When I heard that my friends at Short Attention Span Theatre were putting together a mixed bill of new stage writing inspired by David Bowie, I had to ask to take part. I love responding to music. Plus Bowie is my ultimate (problematic) hero so I couldn't not.
I offered a loose response to Moonage Daydream, attempting to limit myself to the duration of the song and reflect the structure of the piece.
Moonage Daydream is all sex. Those opening chords, that build. It whirls and spirals to transcendency. This is prime Ziggy, prime Bowie going down on Ronson’s guitar, prime teenagers getting their minds blown, moving into their own lives and finding out what they want. So here's what I offered with a big of not-great audio of it to the music because, really, that's what it's all about.

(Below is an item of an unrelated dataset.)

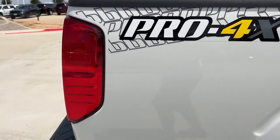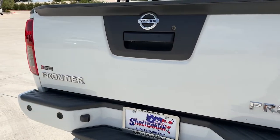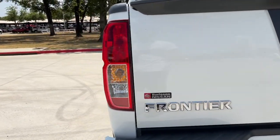Don't let this affordable Frontier slip away. Our team will give you an outstanding test drive experience. Stop in today.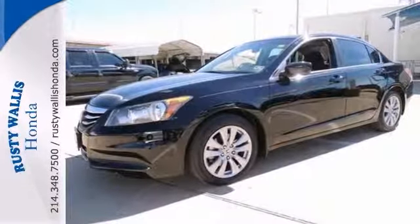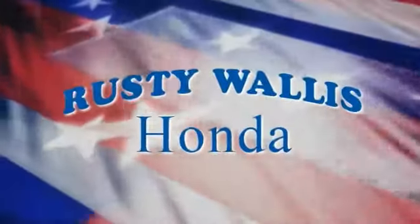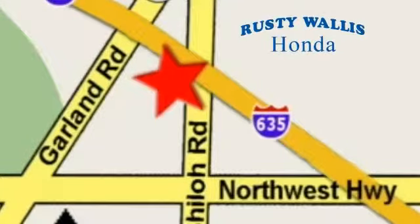Come on out and take it for a test drive today. At Rusty Wallace Honda our primary goal is to satisfy our customers. Stop in today — we're easy to find just off I-635 at Shiloh Road.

I’m sitting at Liam’s feet in a room full of people who have twenty years on me.
Their smoke slips over my lips and I lick them, trying to keep the taste on me.
I’ll have a cottonmouth in the morning.
Liam’s hand is wrapped in my hair. His fist is my hair, my hair his fist.

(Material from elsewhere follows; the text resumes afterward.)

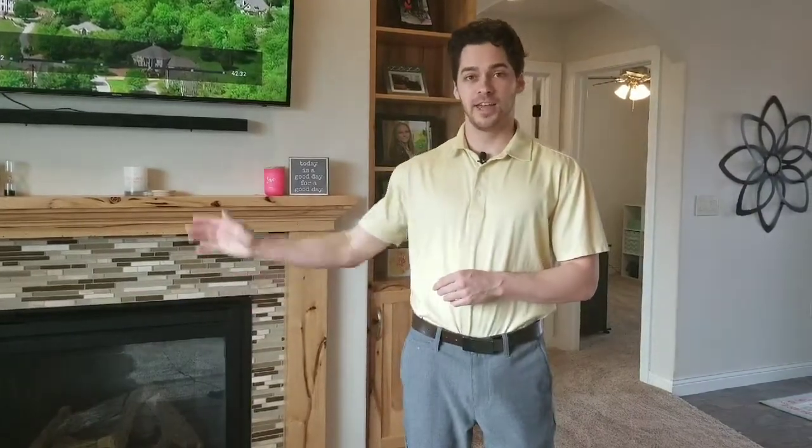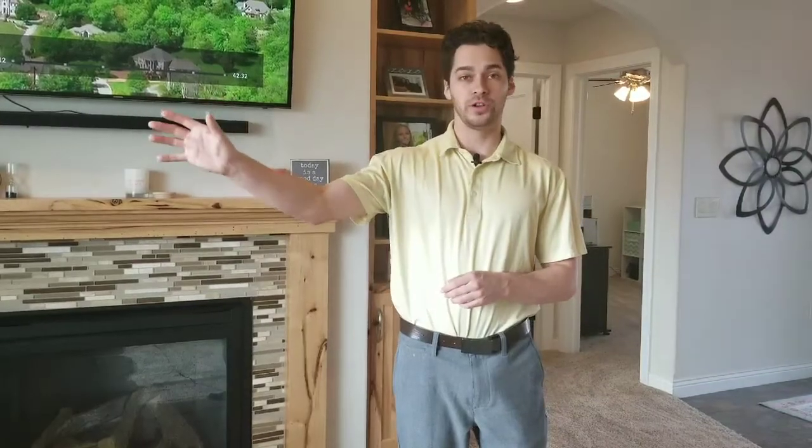As you come into this home you're greeted with this awesome living room that has a gas fireplace and a nice big window for lots of natural light. All of the windows in this home are going to be Rusko windows.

It all feels likes it fits when he gives it a gentle tug.
Reminding me he’s there, reminding me of my place, on the floor, at his feet.
Had to beg to get my place here
as he squirmed
in his ‘this is what a feminist looks like’ t-shirt come-nightshirt twisting in his hands as we lay in bed together.
Want his hands to twist me like that shirt.
At the start
First seduced were my retinas
All that confidence.
All the confidence of an average middle-aged man.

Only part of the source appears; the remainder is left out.